Carroll Lee Knight appeals from his conviction for attempted capital murder and burglary of a habitation. Tex. Penal Code Ann. §§ 15.01, 19.03(a)(7)(A) and 30.02(d)(1)(West 1994) ("Penal Code"). The jury assessed punishment at sixty years' confinement on the attempted capital murder offense and twenty years' confinement on the burglary offense. The jury made an affirmative finding as to the use or exhibition of a deadly weapon on each offense. We will affirm the trial court's judgment.



Background

Facts

At the time of the offense, appellant and Kimberly Nelson, one of the victims, had had a long, stormy relationship. They had been living together, but Nelson had been attempting to end the relationship, to the extent of ordering appellant to move out and securing a restraining order against him. During the course of their relationship, appellant and Nelson had purchased at least two houses. (1) The house in which the offense occurred (the "Brushy Creek house") served as Nelson's residence. She had insisted that appellant occupy another jointly acquired piece of property. Appellant had been warned to stay away from the Brushy Creek house. (2)

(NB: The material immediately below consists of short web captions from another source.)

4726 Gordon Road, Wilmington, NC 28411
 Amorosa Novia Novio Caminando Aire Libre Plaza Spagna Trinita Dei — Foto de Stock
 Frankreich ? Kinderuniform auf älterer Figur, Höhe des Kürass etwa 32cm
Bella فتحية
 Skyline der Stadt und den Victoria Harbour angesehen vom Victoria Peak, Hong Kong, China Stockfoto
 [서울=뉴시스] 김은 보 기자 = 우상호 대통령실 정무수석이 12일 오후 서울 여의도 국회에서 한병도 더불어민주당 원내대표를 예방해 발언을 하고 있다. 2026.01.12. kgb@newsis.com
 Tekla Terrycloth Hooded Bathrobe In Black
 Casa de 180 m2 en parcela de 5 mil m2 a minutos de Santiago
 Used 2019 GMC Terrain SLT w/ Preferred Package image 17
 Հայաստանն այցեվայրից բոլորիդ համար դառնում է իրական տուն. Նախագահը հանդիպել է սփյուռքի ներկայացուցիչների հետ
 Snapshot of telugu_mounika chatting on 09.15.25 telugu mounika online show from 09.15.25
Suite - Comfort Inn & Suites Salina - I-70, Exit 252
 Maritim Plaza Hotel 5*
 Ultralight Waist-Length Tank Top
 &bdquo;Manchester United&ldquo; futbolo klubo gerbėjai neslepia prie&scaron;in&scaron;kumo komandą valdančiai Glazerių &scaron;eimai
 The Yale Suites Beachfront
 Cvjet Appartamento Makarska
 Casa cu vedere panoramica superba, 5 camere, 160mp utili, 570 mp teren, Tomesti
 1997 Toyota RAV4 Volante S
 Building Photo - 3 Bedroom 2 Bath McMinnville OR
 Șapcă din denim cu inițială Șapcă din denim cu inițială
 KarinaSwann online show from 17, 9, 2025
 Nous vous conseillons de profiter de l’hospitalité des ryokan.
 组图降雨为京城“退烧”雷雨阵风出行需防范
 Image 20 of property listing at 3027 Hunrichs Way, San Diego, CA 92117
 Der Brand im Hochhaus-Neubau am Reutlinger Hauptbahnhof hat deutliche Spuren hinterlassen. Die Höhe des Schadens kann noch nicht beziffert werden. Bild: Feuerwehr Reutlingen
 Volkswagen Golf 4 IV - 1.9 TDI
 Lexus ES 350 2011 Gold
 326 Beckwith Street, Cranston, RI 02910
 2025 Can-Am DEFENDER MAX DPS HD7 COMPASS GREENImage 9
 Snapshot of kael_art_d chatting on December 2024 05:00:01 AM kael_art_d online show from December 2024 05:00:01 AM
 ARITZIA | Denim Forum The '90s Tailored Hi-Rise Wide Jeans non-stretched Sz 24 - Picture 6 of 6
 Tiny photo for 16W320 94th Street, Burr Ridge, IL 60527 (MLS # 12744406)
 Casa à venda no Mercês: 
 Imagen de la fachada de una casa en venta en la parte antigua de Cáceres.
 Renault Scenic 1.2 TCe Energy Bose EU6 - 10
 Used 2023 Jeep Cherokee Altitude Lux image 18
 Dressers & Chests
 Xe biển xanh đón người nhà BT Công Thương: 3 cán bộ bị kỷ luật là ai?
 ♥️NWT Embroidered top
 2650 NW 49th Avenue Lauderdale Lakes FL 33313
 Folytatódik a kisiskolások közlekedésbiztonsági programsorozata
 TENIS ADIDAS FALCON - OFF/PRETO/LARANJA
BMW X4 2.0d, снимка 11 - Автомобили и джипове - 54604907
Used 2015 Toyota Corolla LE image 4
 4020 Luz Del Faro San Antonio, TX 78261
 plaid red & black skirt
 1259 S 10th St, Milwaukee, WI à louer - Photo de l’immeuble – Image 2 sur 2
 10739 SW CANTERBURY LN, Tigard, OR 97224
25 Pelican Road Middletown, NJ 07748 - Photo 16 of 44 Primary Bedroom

Appellant, disguised in a wig and either a dress or a shirt long enough to appear to be a dress, entered the Brushy Creek house through a window because the locks had been changed. He claimed he was attempting to retrieve bicycles belonging to himself and his son. Accompanied by Robert Jagitsch, a friend and neighbor, Nelson entered the house and discovered appellant. Appellant, using a kitchen knife he picked up in the house, first stabbed Nelson, then Jagitsch, who wrestled the knife from appellant and stabbed him. Nelson fled to a neighboring house and called for help. Both Nelson and Jagitsch suffered life-threatening wounds. Appellant, who also suffered serious wounds, drove himself to Garland, where he was admitted to a hospital, treated, and arrested.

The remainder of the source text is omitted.